Accelerators are a type of specialized hardware that enhances the performance of a virtual machine. These include Graphics Processing Units (GPUs), Field-Programmable Gate Arrays (FPGAs), and machine learning chips. Cloud Service Providers install accelerators in the hardware of high-intensity virtual machines. For AWS, this is the Accelerated Computing family, and for Azure, this is the N-series. Tailpipe calculates emissions for GPUs and machine learning chips. FPGAs are excluded from the calculation methodology, due to the lack of reliable data on their power consumption.

Neither provider delivers data on accelerator utilization to their customers as standard. In order to track accelerator utilization, customers of AWS and Azure must load additional software onto their instances. This would need to be automated by the organization’s DevOps team. When customers do have this software loaded, Tailpipe uses the utilization data directly from the Cloud Service Provider.

It matches this utilization data against the power draw of different accelerators at specific utilization loads. Tailpipe has lab-tested a range of accelerators using a load testing software that tracks utilization at 5% increments. This data reveals what proportion of an accelerator’s Thermal Design Power (TDP, measured in Watts) is drawn at each 5% utilization increment. Tailpipe uses this data to draw a generalized power consumption curve for accelerators depending on the utilization rate, which is matched to the client usage. The power curves are:

 

So, an NVIDIA GPU with a TDP of 300 W, being utilized at 50%, will draw 57% of the GPU’s maximum TDP:

0.57 * 300 = 171 W

Tailpipe has lab-tested GPUs from NVIDIA and AMD (see Appendix A), which are the most common GPU manufacturers utilised by cloud service providers. In a small number of instances, accelerators from Habana Labs and Qualcomm are used, as well as AWS’ own architecture, the Inferentia and Trainium machine learning chips. Habana Labs GPUs are matched to the NVIDIA power curve, and Qualcomm GPUs are matched to the AMD power curve, due to similarities between these manufacturers’ specifications. AWS does not release any data on the power consumption or TDP of its Inferentia and Trainium chips, but does draw a comparison between the Trainium and P5e families: ‘Trn2 instances offer 30-40% better price performance than the current generation of GPU-based EC2 P5e and P5en instances’.

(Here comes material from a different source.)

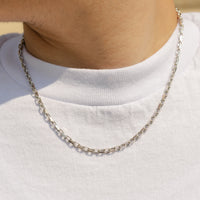 A close-up of a person wearing a silver chain necklace over a white t-shirt.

Tailpipe therefore allocates Trainium GPUs a TDP of 600, based on the NVIDIA H200 Tensor Core GPUs utilised by the P5e family.

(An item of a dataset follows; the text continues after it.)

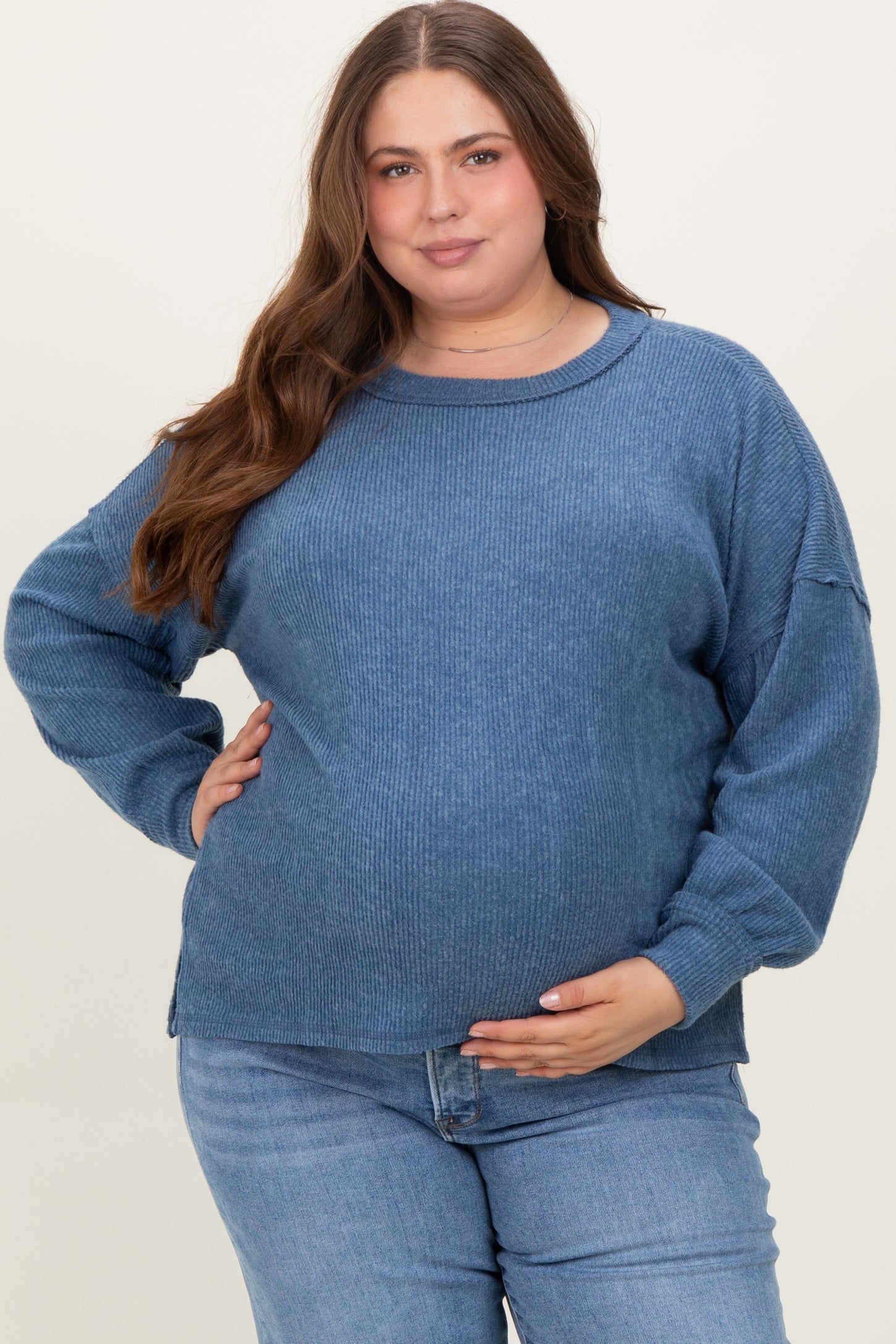 woman wearing a blue ribbed maternity sweater and holding her baby bump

Hugging Face conducted tests on the Inferentia chips that drew comparisons with the AWS G5 family. Tailpipe therefore allocates the Inferentia chips a TDP of 150, based on the NVIDIA A10G Tensor Core GPUs utilised by the G5 family.

The methodology used by Tailpipe for users who have enabled accelerator utilization tracking is therefore:  

Accelerator Energy Consumption (Wh) = (TDP Power Factor * Accelerator TDP) * Hours of Utilization * Number of Accelerators

When customers do not have utilization tracking software enabled, Tailpipe assumes that accelerators are being utilized at a rate of 60%. This is based on a statement made by a principle generative AI architect at Alphabet, that ‘the utilization rates of GPUs for AI workloads in a datacenter run by cloud service providers (CSP) is between 60% and 70%’ (as reported in Tom’s Hardware, 2025).

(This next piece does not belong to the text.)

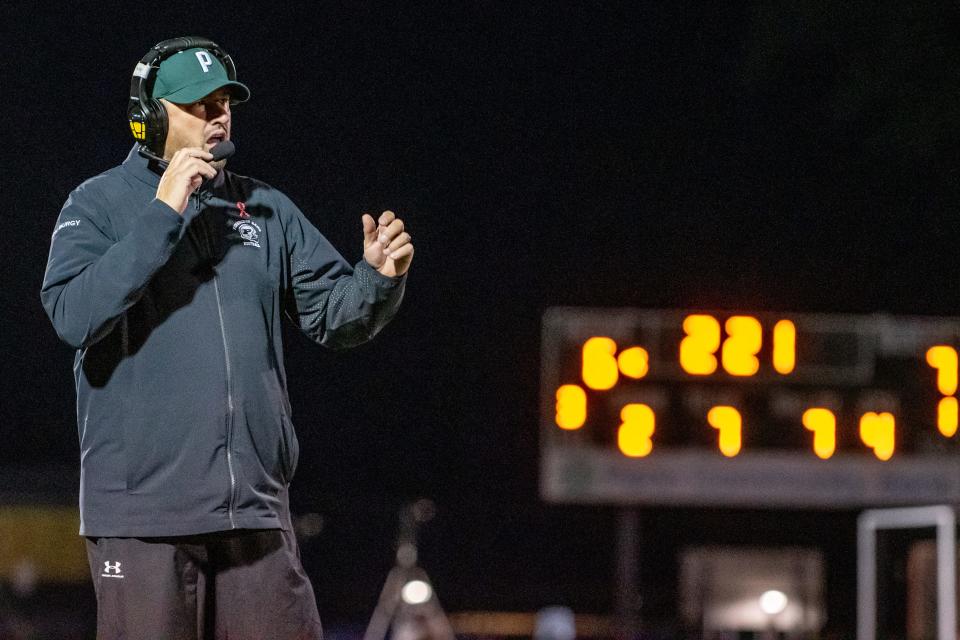 Pennridge head coach Chuck Burgy calls a play late in the Rams' 7-6 loss to Neshaminy on September 30.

The methodology used by Tailpipe for users who do not track accelerator utilization is therefore:  

Accelerator Energy Consumption (Wh) = (60% TDP Power Factor * Accelerator TDP) * Hours of Utilization * Number of Accelerators

Where the 60% TDP power factor for NVIDIA, Habana Labs, and AWS accelerators is 0.60055, and for AMD and Qualcomm accelerators is 0.32644.